From the time you were in graduate school, your instructors and supervisors have likely emphasized the importance of self-care. Burnout is a real risk in the world of counseling and psychotherapy, and you have to be able to take care of yourself in order to avoid it.
These messages come from a good place. But they ignore reality for many therapists, especially those early in their careers. And those messages often come with dangerous assumptions and a dark undercurrent: If you’re having a hard time, it’s your own fault.
Feeling tired? Do more
Perhaps the most dangerous assumption that comes with many messages about therapist self-care is the idea that taking additional time for self-care is even a realistic option. A few years ago, a study examined California family therapists and clinical social workers who had dropped out of the licensure process before even reaching their clinical exams. That study found that every month that the person spent as primary caregiver for a child while also registered as a prelicensed therapist reduced the chance that the person would ever reach licensure. Simply put, they had too much on their plates to finish their required experience hours in time.

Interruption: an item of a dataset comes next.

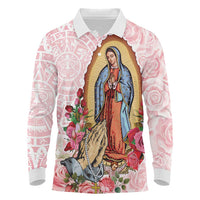 Virgen de Guadalupe Long Sleeve Polo Shirt Rose Flower Mexican Aztec Pattern - Wonder Print Shop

Many of the common suggestions about self-care presume that the therapist or counselor has extra hours in their day just waiting to be filled with a new activity. In reality, many sacrifice social time, sleep, and other areas of normal functioning in order to attend to their work and family obligations as best they can. Maintaining a balance of work, family, and play — often suggested as a key component of self-care — certainly would be ideal, as I imagine most mental health professionals would agree. But it is simply unrealistic for many therapists, especially those early in their careers. That extra hour we are supposed to carve out for play — is that to come at the expense of an hour of paying work, an hour of already-limited sleep, or an hour of taking care of children?
Self-care comes at a cost
It is also common for messages about self-care to ignore many therapists’ financial reality. Most of us have to pay for food, housing, and other costs of life. Many recent graduates also have to manage a staggering amount of debt. Remember that the minimum degree necessary to become a therapist costs five times as much as it did 30 years ago, in inflation-adjusted dollars.
Here at Ben Caldwell Labs, we share the anger many therapists feel about financial exploitation in the workplace. Some training sites actually charge you to work there. Many therapists work in unpaid jobs that legally should be paid. Employers sometimes won’t even tell you what a job would pay until late in the application process. (That actually harms employers and applicants alike, which is part of why California law now prohibits withholding pay information from job applicants in any field.)

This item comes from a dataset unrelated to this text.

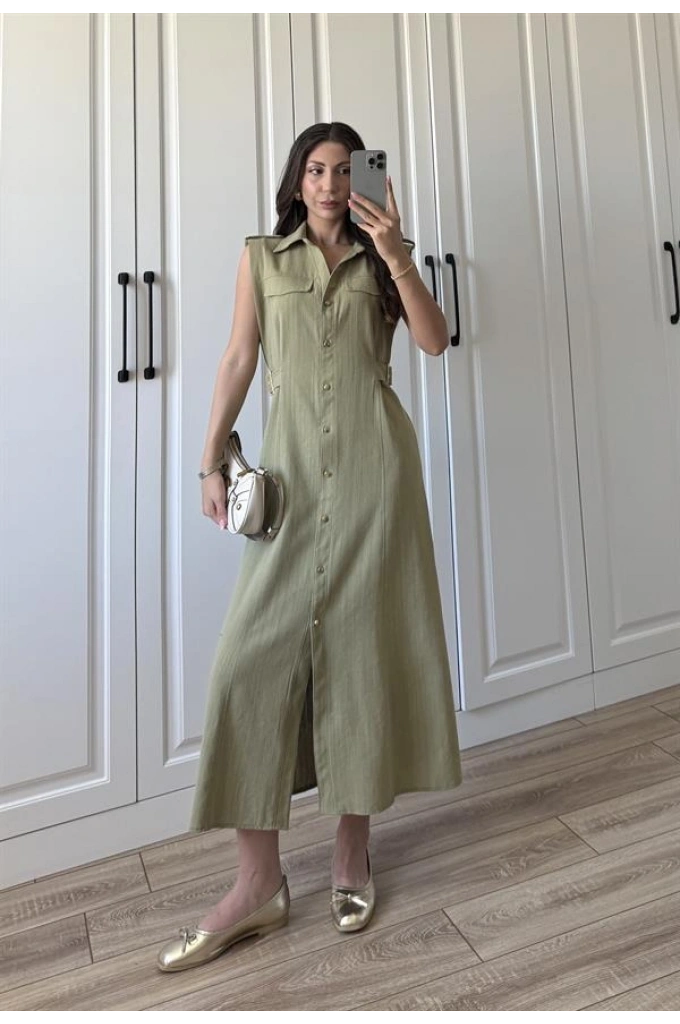 Düğmeli Keten Kemer Detaylı Uzun Haki Elbise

Yet messages of self-care often suggest taking time off from work, or starting expensive leisure activities. Many therapists simply can’t afford either. The financial struggles involved in becoming a therapist are glazed over, or not mentioned at all.
What “self-care” often really means
Perhaps most troubling is the undercurrent of a lot of self-care discussion. When therapists are told that their stress and burnout comes from inadequate self-care, rather than the very real inadequacies and injustices involved in a lot of mental health work, we are told that our stress is our own fault. We are told that working in a difficult job with severely mentally ill clients and low pay would be more survivable if we just worked a little harder. In this way, encouraging self-care can equal shifting the blame for a deeply broken system onto those doing their best to work within it.
Look, if you’re stressed, and you can afford a few days off, or your sleep patterns could be better, or there’s something else in your life that you can reasonably fix, by all means, do it. Our work is tough. Vicarious trauma is a real thing. And we do have a responsibility to do what we can to bring our best selves into work each day. When we can’t do that, we need to back off from client care.
But if someone blames you for the stresses caused by our excessive requirements for mental health training, or those caused by your own employer’s policies and practices, they’re out of line. People in positions of power need to be working to make the system better, not blaming you for the suffering you experience within it.
Self-care is great for those who can afford it. Those who can’t shouldn’t be told that their lack of self-care is the problem. The problems in this field are so much bigger than what self-care alone can resolve.